Tuesday, April 2, 2024

"Why on Earth Is Adam Neumann Trying to Buy Back WeWork?"

I think it's called an idée fixe.

From Curbed New York, March 28:

Adam Neumann has put together a bid of more than $500 million to buy WeWork, the bankrupt co-working company, The Wall Street Journal reported this week. The co-working start-up’s co-founder and once–chief executive has spent the last several months trying to find his way back to the company he helped create in 2010 before being ousted in 2019, but WeWork doesn’t seem to want him back. In response to the news of Neumann’s offer, WeWork basically pulled an I don’t know her, telling the Journal that it receives “expressions of interest from third parties on a regular basis.” One might have a few questions here. Like: Does it make sense to get back into the office-space-leasing hustle at a moment when no one seems to be going into the office like they used to? And why would Neumann, a billionaire twice over who is currently running a similarly hype-y residential start-up called Flow, even want to?

Here’s what we know.

Wait, who wants to rent office space right now?
While there is a glut of office space available at the moment, the office is not, as was once feared and hoped, dead. Most of New York’s office workers settled into some kind of hybrid schedule over the last few years — on any given day, 52 percent of office workers are at their desk, but just 9 percent come in five days a week, according to the Partnership for New York City. Companies still want and need office space, but those needs are different than they were before the pandemic. Which is where co-working space, or as experts are now calling it, flexible office space, comes in.
So co-working is still a thing?
Yes. Commercial brokers say that as companies have shrunk their overall footprints after COVID, the demand for co-working space has only increased.
Okay, then it makes sense Neumann wants WeWork back.
Co-working can be a viable business, and so, too, could WeWork.

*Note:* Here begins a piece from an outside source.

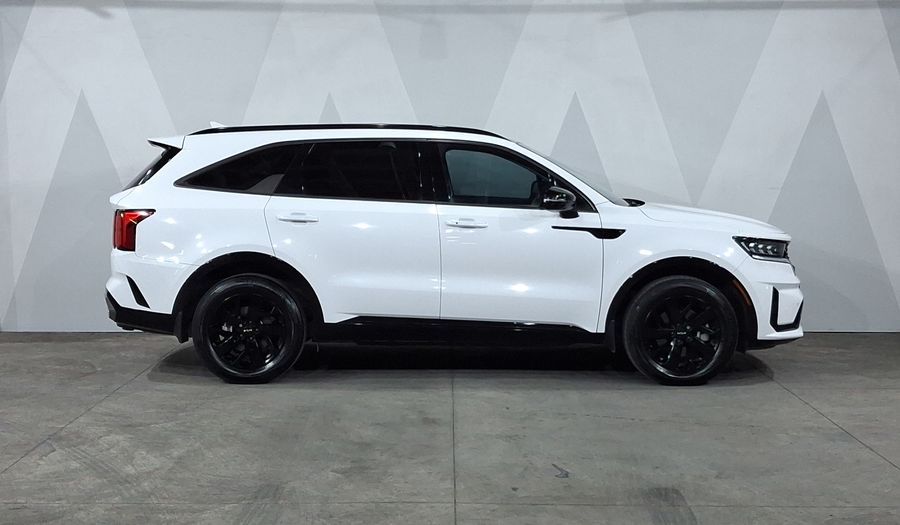 Kia Sorento 2.5 SXL AUTO Suv 2023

But it seems doubtful that Neumann, of all people, would be the one to finally make WeWork a going concern. The business of co-working has also changed from what it once was, says Julie Whelan, who leads a research team at CBRE. The aughts-era idea of co-working popularized by WeWork — a bunch of 20-somethings paying monthly fees for individual desks in shared offices where they could meet other entrepreneurs and drink free craft beer — has shifted to a more à la carte office model many different types of businesses are interested in using. Flexible workspaces — smaller, built-out offices with shorter lease terms — allow younger companies to lease spaces without long-term commitments and more established companies to access extra space if they need to accommodate visiting workers, rent extra conference rooms, or open satellite offices with lower overhead. While office leasing is muted right now, the demand for spaces under 20,000 square feet is higher than ever, according to Whelan.

What are the details of the bid?....

....MUCH MORE

Please, please let them come public. I miss the days of:

WeWork:“Our valuation and size today are much more based on our energy and spirituality than it is on a multiple of revenue."
Roger that, energy and spirituality. Over.